GIVEN ENTRIES |
--

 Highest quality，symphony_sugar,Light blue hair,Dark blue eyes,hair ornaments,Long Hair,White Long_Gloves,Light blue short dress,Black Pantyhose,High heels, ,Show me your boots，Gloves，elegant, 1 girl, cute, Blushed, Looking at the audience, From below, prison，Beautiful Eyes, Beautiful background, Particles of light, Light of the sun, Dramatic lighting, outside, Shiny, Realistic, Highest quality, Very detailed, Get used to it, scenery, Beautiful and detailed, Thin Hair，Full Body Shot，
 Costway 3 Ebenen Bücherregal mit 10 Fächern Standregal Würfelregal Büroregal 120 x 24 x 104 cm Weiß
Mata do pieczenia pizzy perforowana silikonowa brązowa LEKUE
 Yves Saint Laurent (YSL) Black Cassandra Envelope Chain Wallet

--

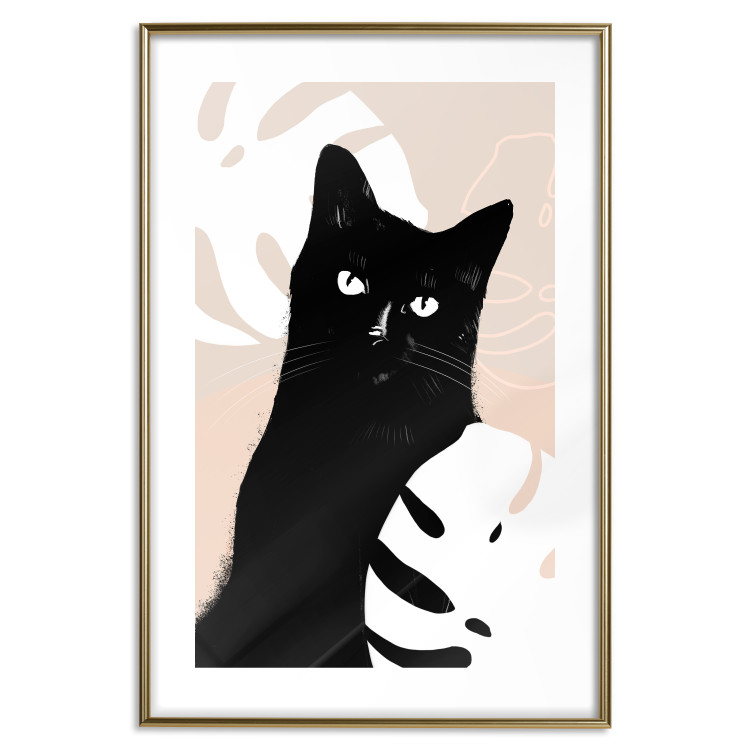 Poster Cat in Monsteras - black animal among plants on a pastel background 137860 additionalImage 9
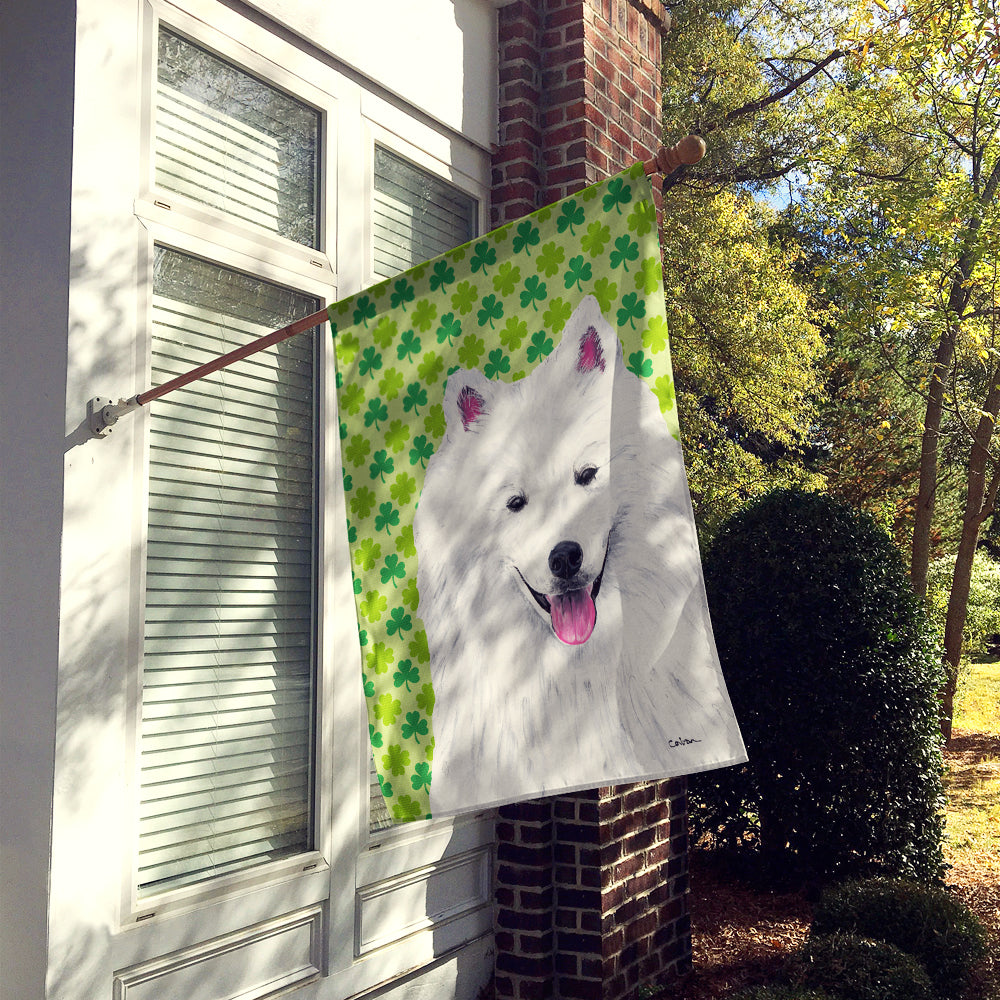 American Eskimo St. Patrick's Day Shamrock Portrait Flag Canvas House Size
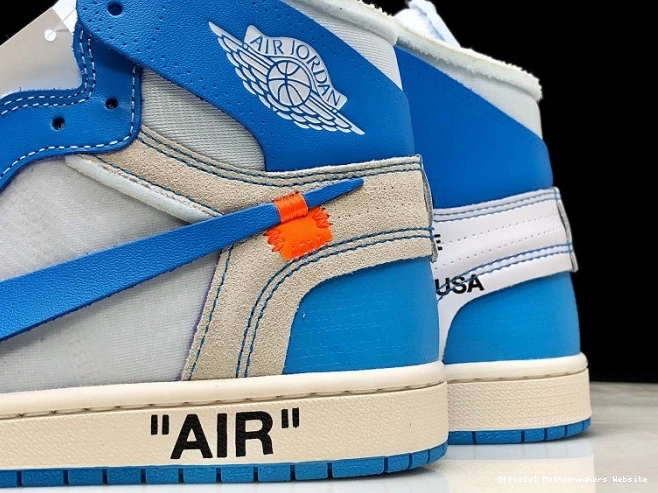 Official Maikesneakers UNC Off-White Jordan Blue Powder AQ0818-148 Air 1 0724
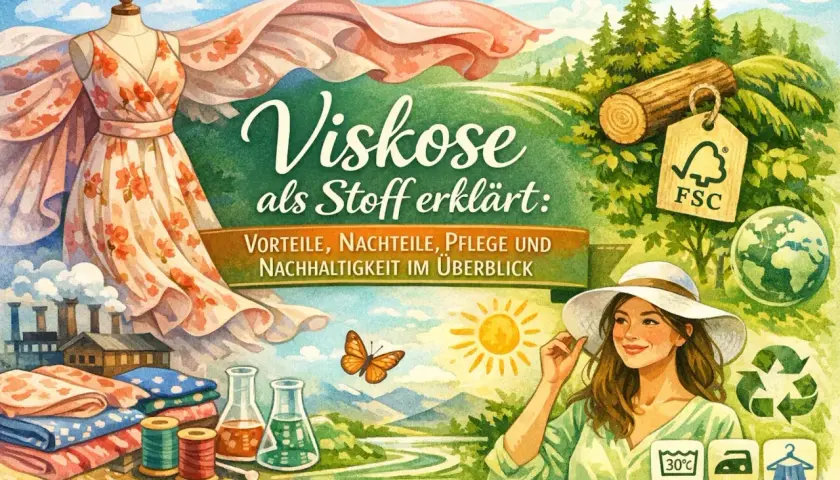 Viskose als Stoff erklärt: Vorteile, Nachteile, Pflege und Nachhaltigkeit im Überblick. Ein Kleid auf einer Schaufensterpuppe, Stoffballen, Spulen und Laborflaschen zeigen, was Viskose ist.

--

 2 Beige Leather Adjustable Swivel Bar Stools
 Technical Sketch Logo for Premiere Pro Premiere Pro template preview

--

WHAT YOU WILL DO |
Would you print, exactly as written, every line above from the one holding "Highest quality，symphony_sugar,Light blue" through the one holding "Yves Saint Laurent", with both included and no other lines?

FINAL ANSWER |
 Highest quality，symphony_sugar,Light blue hair,Dark blue eyes,hair ornaments,Long Hair,White Long_Gloves,Light blue short dress,Black Pantyhose,High heels, ,Show me your boots，Gloves，elegant, 1 girl, cute, Blushed, Looking at the audience, From below, prison，Beautiful Eyes, Beautiful background, Particles of light, Light of the sun, Dramatic lighting, outside, Shiny, Realistic, Highest quality, Very detailed, Get used to it, scenery, Beautiful and detailed, Thin Hair，Full Body Shot，
 Costway 3 Ebenen Bücherregal mit 10 Fächern Standregal Würfelregal Büroregal 120 x 24 x 104 cm Weiß
Mata do pieczenia pizzy perforowana silikonowa brązowa LEKUE
 Yves Saint Laurent (YSL) Black Cassandra Envelope Chain Wallet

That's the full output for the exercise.